Dialogues

Culture of Life

Deal,

While we were waiting for an announcement about the pope’s passing, I was thinking I’d pick up on your comments about the “culture of life” and the way that phrase has been adopted—or appropriated—by President Bush and by other American politicians, not just in the abortion and stem-cell debates but also during the Schiavo case. I’m also intrigued by your reference to the “seamless garment,” because I find myself agreeing with conservative Catholics that “seamless garment” is often a fudge by liberals who for their own purposes give short shrift to the distinctions the church has drawn between capital punishment and abortion (though this might be changing, witness Sen. Rick Santorum’s recent second thoughts about capital punishment).

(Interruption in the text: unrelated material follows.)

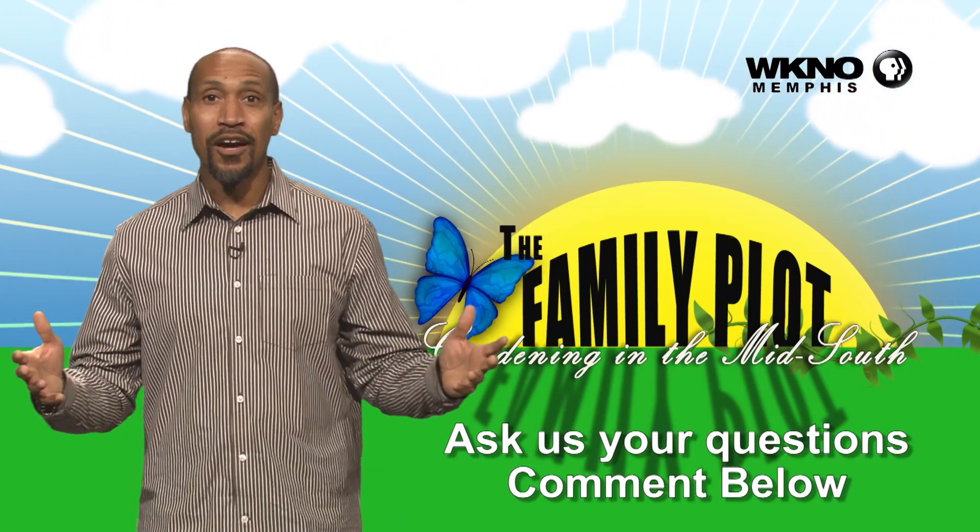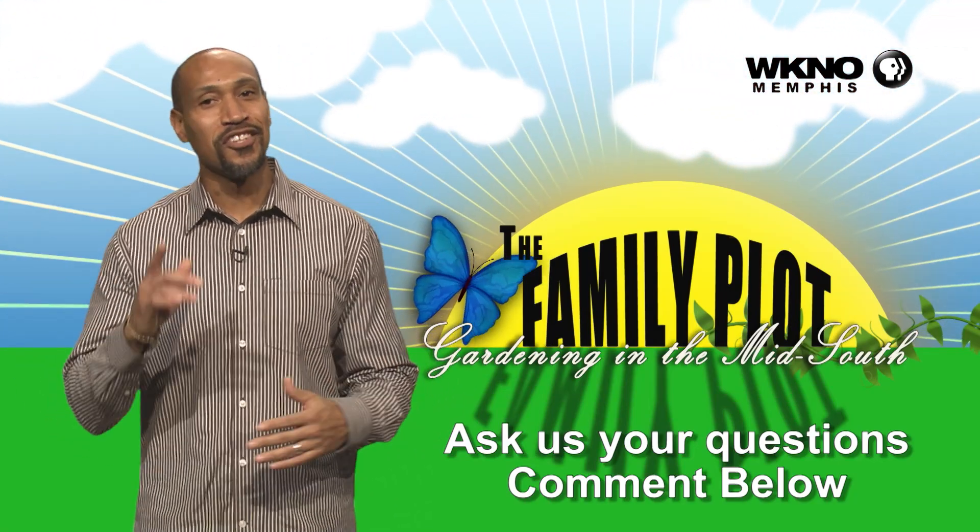We hope you loved the video. We would love for you to ask more questions — be sure to leave those questions in the comments.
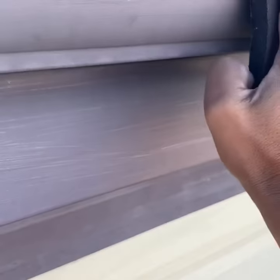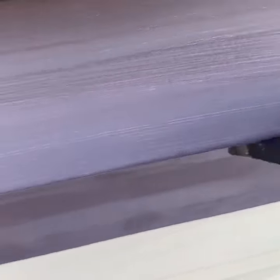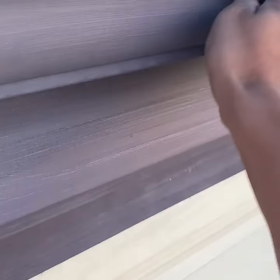As you can see here, it's also a lot longer and you can reach all the edges — the surface, up and down, everywhere. And it looks cool, very nice sandpapers. So if you're a painter, you can use this to get the job done.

Still, I cringe when Bush uses “culture of life” as a blurb or slogan in the style of “four more years” or “the war on terrorism.” One of the things I respect about Catholic moral theology and the Catholic intellectual tradition generally is an acceptance of nuance and fine (not casuistic) distinctions. With all respect to John Paul, I thought he departed from that tradition last year when he said “the administration of water and food, even when provided by artificial means, always represents a natural means of preserving life, not a medical act.” This obviously has application to the Schiavo case, where some of the activists arguing for the reattachment of the feeding tube suggested that her situation was morally equivalent to that of a person who could eat and drink without assistance being denied food and water.

Ironically, some of the decisions the pope apparently made at the end of his life—remaining in his apartment rather than going to the hospital, emphasizing that he will be “going home”—strike me as the opposite of the notion, invoked in the Schiavo case, that life must be prolonged at all costs and in all circumstances.